The founders of the greatest American companies (at least as measured by their stock-market caps) are Bill Gates of Microsoft, Jensen Huang of Nvidia, Elon Musk of Tesla and Space X, Mark Zuckerberg of Meta (Facebook), the late Steve Jobs of Apple, Sergey Brin of Alphabet (Google) and Jeff Bezos of Amazon.
All seven share one of two things in common: Six went to top U.S. universities (Harvard for Gates and Zuckerberg; Stanford for Huang and Brin; Princeton for Bezos; and Pennsylvania for Musk) and five either themselves are immigrants (Musk, Huang, and Brin) or they are first-generation immigrants (Jobs’s father was a Syrian immigrant and Bezos’s adoptive father was a Cuban immigrant).
This is nothing new. America always has relied upon its immigrants and its universities to lead the way for American supremacy. This was especially true during WWII when the U.S. developed the atomic bomb thanks to a team of scientists (most of whom were foreign-born and working at the University of Chicago) that was led by physicist Robert Oppenheimer. Oppenheimer would have made the above list for two reasons: He was both Harvard-educated and the son of a German immigrant.
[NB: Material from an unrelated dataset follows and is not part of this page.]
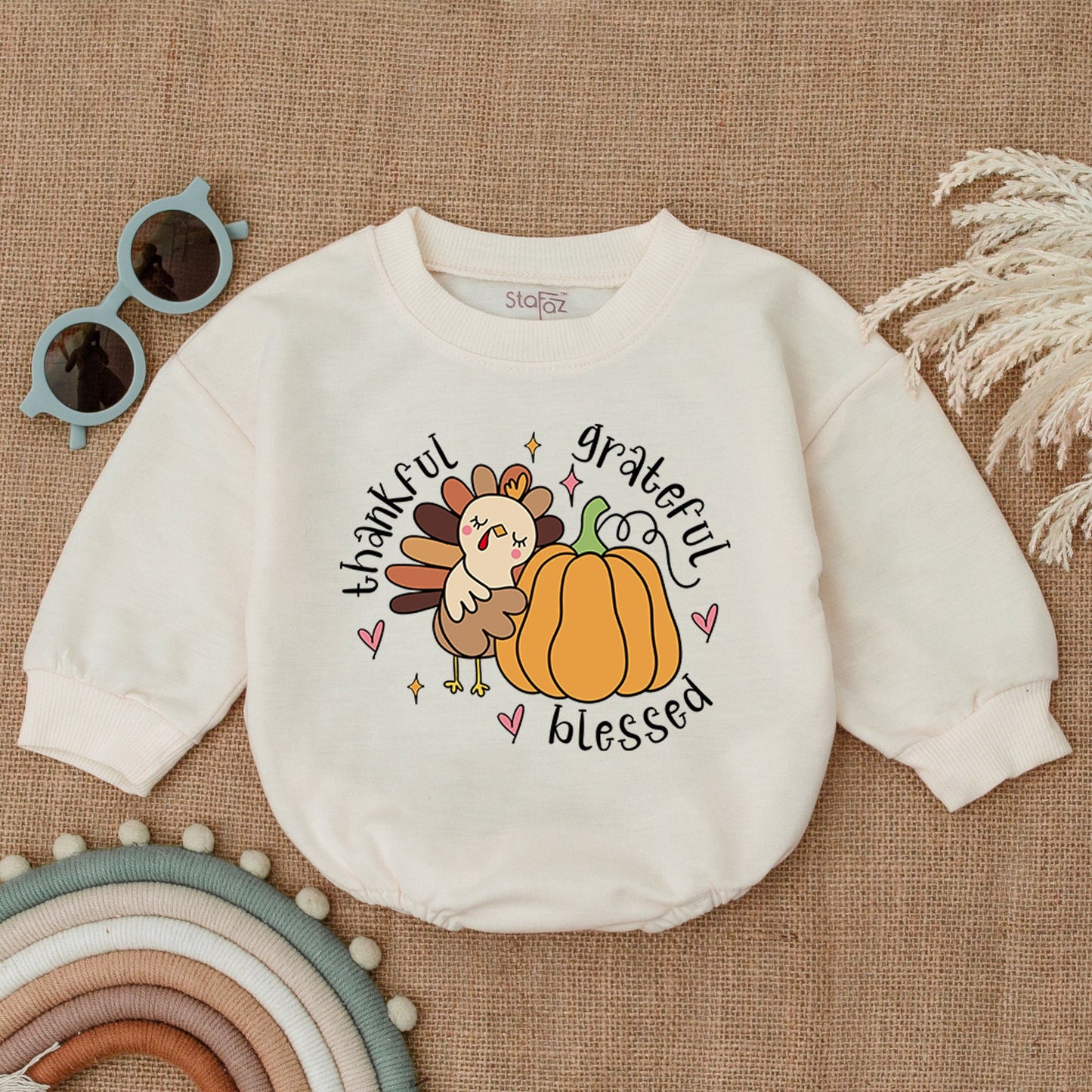 Grateful, Thankful, Blessed: Autumn Pumpkin Turkey Baby Romper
According to the Nobel Prize website, since 1901, there have been 148 prize recipients who were foreign-born individuals who either had immigrated permanently to the United States or were at a U.S. institution of higher learning at the time they received the award. These 148 individuals account for 16 percent of all Nobel Laureates.
Yet it is precisely these two great pillars of America’s historic economic and technological strength — our world-renowned universities and our immigrants — that are on the verge of being destroyed. By attacking the former, we are discouraging the latter from coming to America.
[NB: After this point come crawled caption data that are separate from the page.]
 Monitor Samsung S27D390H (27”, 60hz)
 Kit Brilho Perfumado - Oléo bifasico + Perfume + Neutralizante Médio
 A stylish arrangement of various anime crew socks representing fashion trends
The smartest and hardest-working individuals from across the globe — who always have viewed America as the foremost country in the world where they could develop their ideas at the world’s greatest scientific research institutions — are either leaving or not coming because the welcome mat has been pulled from our doorstep.
Nations in Europe and Asia, whose leaders are mystified by our sudden ignorance and xenophobia, are rushing to fill the vacuum by offering grants and opportunities to world-class scientists that previously had been monopolized by the United States.
We are entering the equivalent of the Dark Ages — and for the first time ever in our history, the United States is now facing the prospect of a brain drain, as opposed to being the beneficiary of a brain gain.